A lucky break. That’s how a judge described the dismissal of a drunk driving charge against a state sheriff.

But Always Investigating found out the sheriff wasn’t the only one who got lucky. Hundreds of suspected drunk drivers are walking away with no punishment. It takes up a lot of court time, while often getting nowhere.

The sheriff’s dismissed case illustrates what’s happening. Back in 2008, Patrick Lewis was honored for stopping millions in dollars in drug trafficking.

But a police report from the night of Oct. 2, 2013, described how Lewis found himself on the other side of the law–and the wrong side of the road–just after 2 a.m. in Pearl City.

Police documented that Lewis slammed his state K-9 truck through a center median along Kamehameha Highway, knocked down 40 feet of fence, spun around in the opposite direction, struck the curb then finally stopped. No animal was on board at the time.

Police found Lewis in the driver’s seat. A policeman wrote that Lewis smelled alcohol and told police he “had two glasses of wine” and “fell asleep.” A field sobriety test gave clues of impairment and Lewis was placed under arrest and charged with OVUII, or drunk driving. He pleaded not guilty.

His day in court came in December 2013 at the Ewa District courthouse. The case was continued because the officer was out sick.

In February 2014, the officer was sworn in, but the hearing was rescheduled again. In April, the deputy prosecutor was out injured, prompted yet another continuance. In June, the same deputy prosecutor was out again, and this time, both HPD officers were not present.

Here is part of the court transcript that day:

Deputy prosecutor: “Your honor, the state is not ready, (the) prosecutor is not present today and in addition, both our officers, I have been informed, were injured. So we’ll be asking for further continuance of the trial for approximately three months.”
Defense attorney: “We’ve been back now multiple times for this case, and in the interest of justice we’re asking for this case to be dismissed today.”
Judge: “Mr. Lewis, you got lucky in this case. Please take care. Don’t come back. Good luck to you.”

Lewis’ defense attorney, Paul Cunney, points out that court rules protect against cases dragging on and because it was more than six months old, the court was within its power to dismiss the case.

Lewis’ case was dismissed with prejudice, meaning prosecutors had no chance to re-file the charge.

The sheriff even got his driver’s license back ahead of time from the Administrative Driver’s License Revocation Office (ADLRO). Lewis had refused breath and blood tests the day of the accident, and on a first offense, that’s supposed to get your license revoked two years. But the records at ADLRO showed the police witnesses were no-shows three hearings in a row, and after all those continuances, Lewis got his license right back.

“When you have higher profile arrests like a sheriff, like a public official, and they get dismissed with prejudice, it ends in a dismissal that can’t be retouched.

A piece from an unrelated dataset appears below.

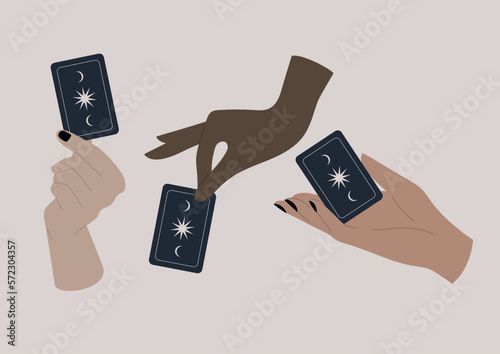 Hands holding tarot cards with celestial patterns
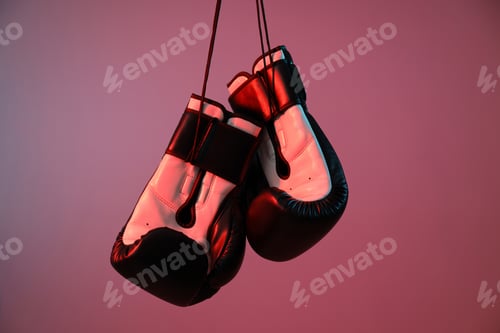 Preview: Boxing gloves are illuminated with red light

What kind of message do those kind of high-profile cases send?” Always Investigating asked anti-drunk-driving advocacy group Mothers Against Drunk Driving.

dropped dui graphic 1

“I suppose the public at that point gets very frustrated,” said Arkie Koehl, chairman of the MADD public policy committee, “and they wonder what’s happening with all the low-profile cases out there.”

So Always Investigating checked out more than 3,500 drunk driving cases and found, out of that number, more than 400 people just last year who, like the sheriff, got their cases dismissed for good.

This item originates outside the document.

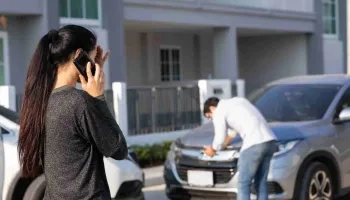 Frau ruft nach Fahrzeugschaden bei Versicherung an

Hundreds more were dismissed without prejudice, meaning the prosecutors could re-file. In all, more than one in four DUI charges ended in dismissals for one reason or another.

“In this particular jurisdiction, we have a very frustrating pattern of catch-and-release of DUI offenders,” Koehl said. “There is, in fact, a pattern of dismissals, and it’s extremely frustrating and we’ve known about it for years. It’s especially prevalent in the Honolulu District Court. We’ve been frustrated over this for years but you, Gina, have brought it up to us and to the public.”

“As many people are probably aware, our judicial system is driven by the litigants,” explained Rep. Karl Rhoads, chairman of the House Judiciary Committee. “Of course, for the defense attorneys, it is always in their interest to delay things, because things go wrong the longer you stretch things out. For the prosecutors, it can be difficult getting your ducks in a row, getting whoever your witnesses are (who are often police officers) in there on the days they need to be there.”

“I think there would have to be a lot more cooperation between police, prosecutors and a lot more vigilance,” Koehl said.

A spokeswoman with the Honolulu Police Department said the department takes being in court seriously and officers face disciplinary action for not appearing, first with a written warning and then, if it happens again, a one-day suspension.

Dave Koga, spokesman for the prosecutor’s office, said in a statement that “prosecutors continue to provide timely notification to all witnesses of upcoming court dates.”

As for Sheriff Lewis, nearly a year-and-a-half after the crash and following case dismissal, the Department of Public Safety says his case is still under internal investigation for any potential workplace discipline. They say he has not since been re-issued a vehicle.

Public Safety has internally disciplined four staff members in the past five years in DUI-related cases.